* What you are asked to do
The answer is to be the lines of the material from its start through the line containing "Commercial remodeling in", each copied exactly; no pictures.

* Available data
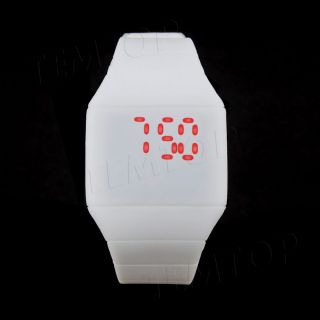 Led Watch Silikon Herren Damen Digital Armbanduhr Uhr Sport Armbanduhren Weiß Bild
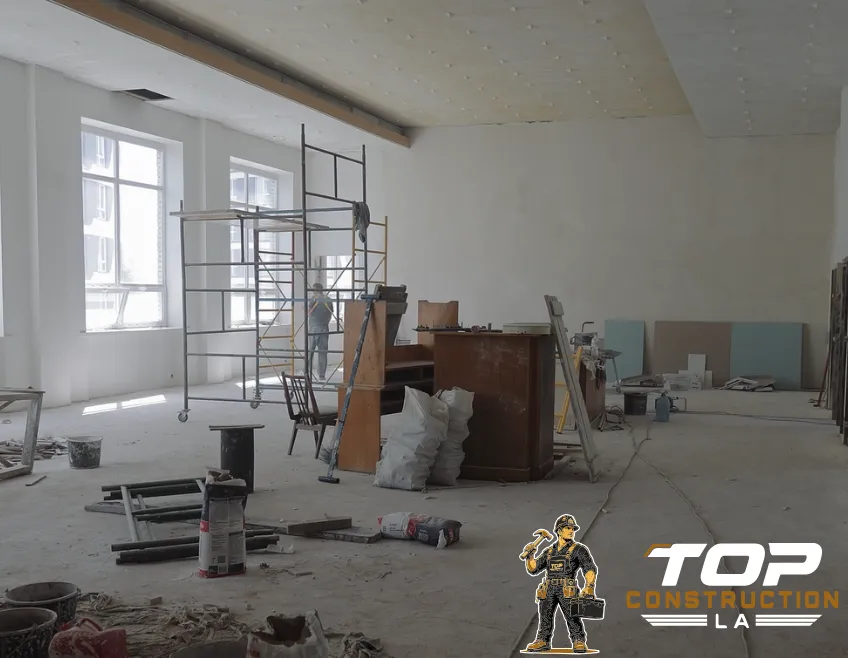 Commercial remodeling in Los Angeles showing office interior renovation work in progress with new walls, flooring, and modern finishes
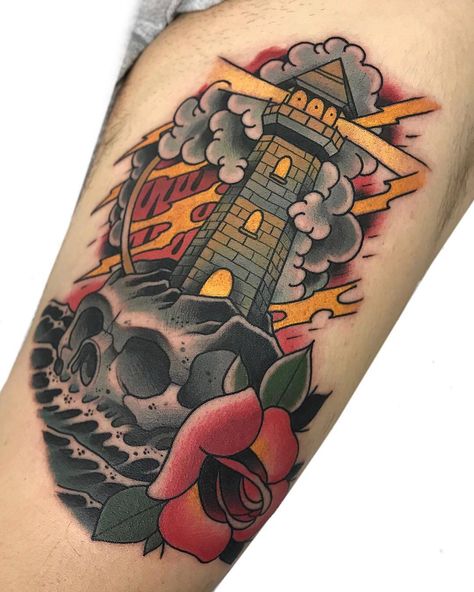 Tattoo artist Guindero Landscape Traditional Tattoo, Neotrad Sleeve Tattoo, Lighthouse Tattoo Neotraditional, Neo Traditional Lighthouse Tattoo, Lighthouse Traditional Tattoo, American Traditional Lighthouse Tattoo, Nautical Traditional Tattoo, American Traditional Lighthouse, Lighthouse Kraken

* The completed task
 Led Watch Silikon Herren Damen Digital Armbanduhr Uhr Sport Armbanduhren Weiß Bild
 Commercial remodeling in Los Angeles showing office interior renovation work in progress with new walls, flooring, and modern finishes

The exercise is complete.